Authored by dp on May 12 2017, 4:22 AM.

Details

Summary

There are VI instructions which can only be encoded using VOP3 format (VOP2/VOP3 in CI). However disassembler appends "_e64" suffix which is misleading for VI ISA.

Full list of opcodes affected by this issue:

v_bcnt_u32_b32
v_bfm_b32
v_cvt_pk_i16_i32
v_cvt_pk_u16_u32
v_cvt_pkaccum_u8_f32
v_cvt_pknorm_i16_f32
v_cvt_pknorm_u16_f32
v_cvt_pkrtz_f16_f32
v_ldexp_f32
v_mbcnt_hi_u32_b32
v_mbcnt_lo_u32_b32

See Bug 32936: https://bugs.llvm.org//show_bug.cgi?id=32936

Diff Detail

Repository
rL LLVM

Event Timeline

dp created this revision.May 12 2017, 4:22 AM
dp retitled this revision from Corrected several VI opcodes to avoid printing _e64 to [AMDGPU] [mc] Corrected several VI opcodes to avoid printing _e64.May 12 2017, 4:23 AM
dp edited the summary of this revision. (Show Details)May 12 2017, 4:44 AM
artem.tamazov edited edge metadata.May 12 2017, 4:51 AM

Generally, looks good.
A subtle detail: I am thinking the we shall ensure compatibility between ISA generations as much as possible.
Let's consider the following use case:

  1. We have valid CI ISA with VOP3 instructions.
  2. Disassembly for CI yields text with _e64 suffixes.
  3. The text should be assembled for VI without need to remove _e64 suffix.

Similar use case: disassembled CI ISA with VOP2 (with _e32) should not be assembled for VI.

Please check.

dp added a comment.EditedMay 12 2017, 5:08 AM

Generally, looks good.
A subtle detail: I am thinking the we shall ensure compatibility between ISA generations as much as possible.
Let's consider the following use case:

  1. We have valid CI ISA with VOP3 instructions.
  2. Disassembly for CI yields text with _e64 suffixes.
  3. The text should be assembled for VI without need to remove _e64 suffix.

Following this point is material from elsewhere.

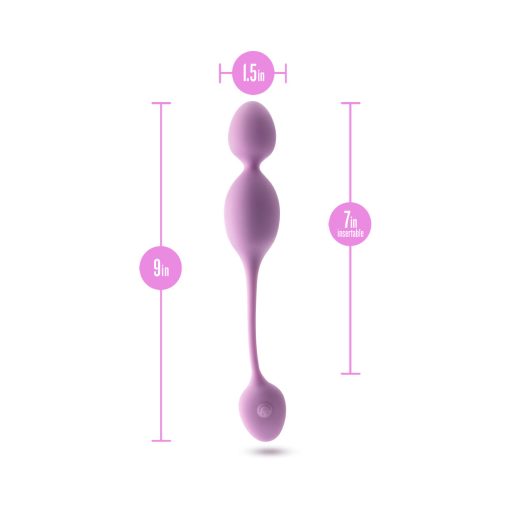 Wellness Raine Vibrating Kegel Ball Lilac - Image 12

Similar use case: disassembled CI ISA with VOP2 (with _e32) should not be assembled for VI.

Please check.

This is how current implementation works.
'_e32' and '_e64' suffices are allowed for opcodes which have only one encoding, provided that there is no conflict between specified and actual encoding size.

Examples:

v_bfm_b32 v5, s1, v2          // ok on SI,VI
v_bfm_b32_e32 v5, s1, v2  // ok on SI, error on VI
v_bfm_b32_e64 v5, s1, v2  // ok on SI,VI
artem.tamazov added inline comments.May 12 2017, 5:23 AM
test/CodeGen/AMDGPU/constant-fold-mi-operands.ll
28 ↗(On Diff #98746)

WRT all changes in CodeGen tests:
Is there is a way to indicate "_e64 or nothing" in tests? I think that would minimize changes and copypasting.

dp added inline comments.May 12 2017, 7:39 AM
test/CodeGen/AMDGPU/constant-fold-mi-operands.ll
28 ↗(On Diff #98746)

Looks like FileCheck supports only a subset of regular expressions.

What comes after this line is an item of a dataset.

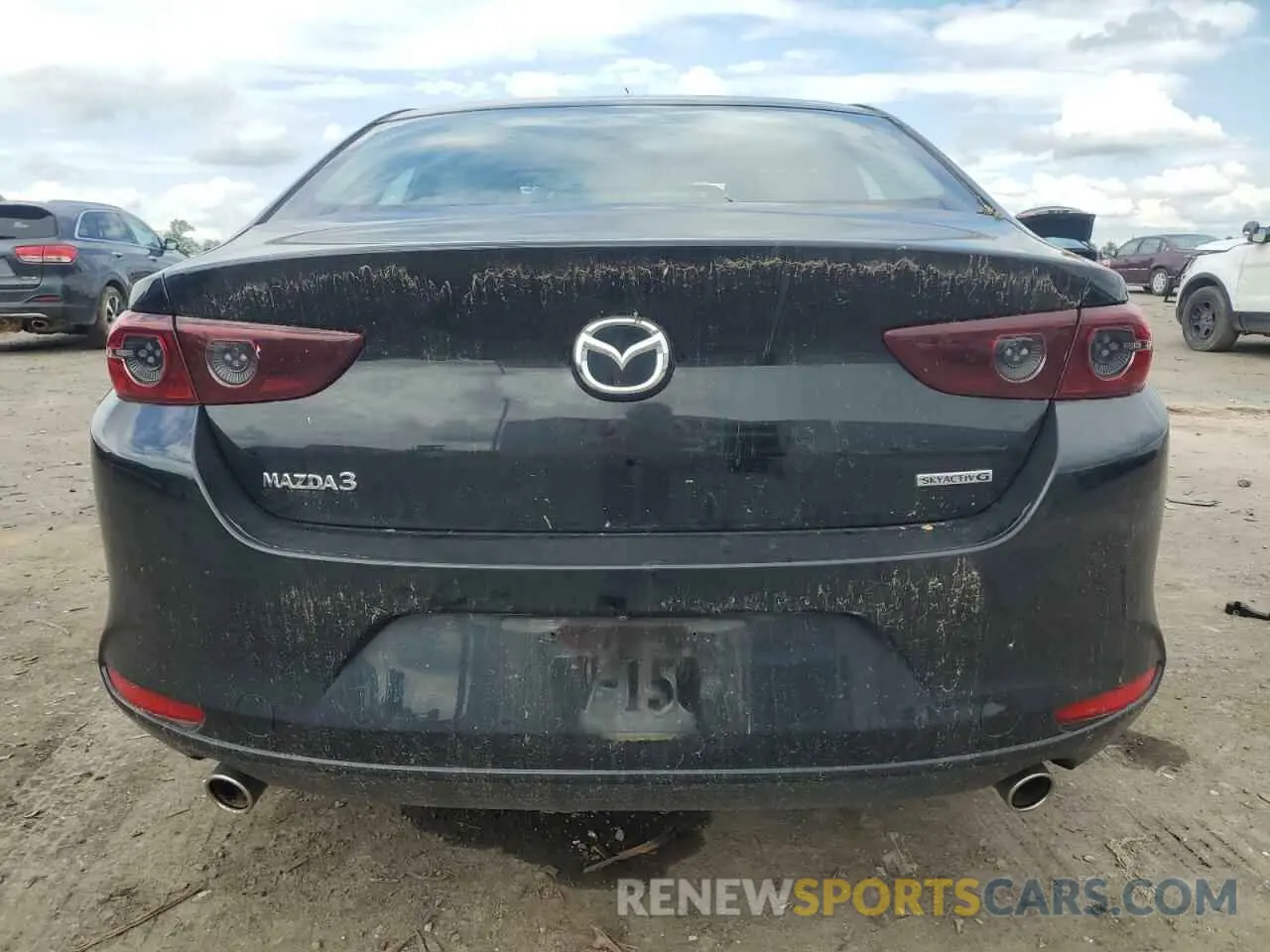 6 Photograph of a damaged car JM1BPACLXL1175788 MAZDA 3 2020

Empty expressions are not allowed:

v_mbcnt_lo_u32{{_e64|}}           // syntax error: empty subexpression

It is possible to specify a blank or a metasymbol like \b (word boundary) but it does not work as expected:

v_mbcnt_lo_u32{{_e64| }}           // does not match with v_mbcnt_lo_u32 for some reason
v_mbcnt_lo_u32{{_e64|.}}           // does not work either

The following pattern works but it looks ugly:

v_mbcnt_lo{{_u32_e64|_u32}}           // works

Any ideas?

artem.tamazov added inline comments.May 12 2017, 8:14 AM
test/CodeGen/AMDGPU/constant-fold-mi-operands.ll
28 ↗(On Diff #98746)

{{...}} can contain any regexp, so could you try this:

v_mbcnt_lo_u32{{(?:_e64)?}}
dp updated this revision to Diff 98795.May 12 2017, 10:21 AM

Updated as suggested by Artem to minimize changes in CodeGen tests.
Unfortunately, {{(...)?}} does not work in many cases so I had to use {{(...)*}}

artem.tamazov accepted this revision.May 15 2017, 5:12 AM

Thanks, good!

This revision is now accepted and ready to land.May 15 2017, 5:12 AM
This revision was automatically updated to reflect the committed changes.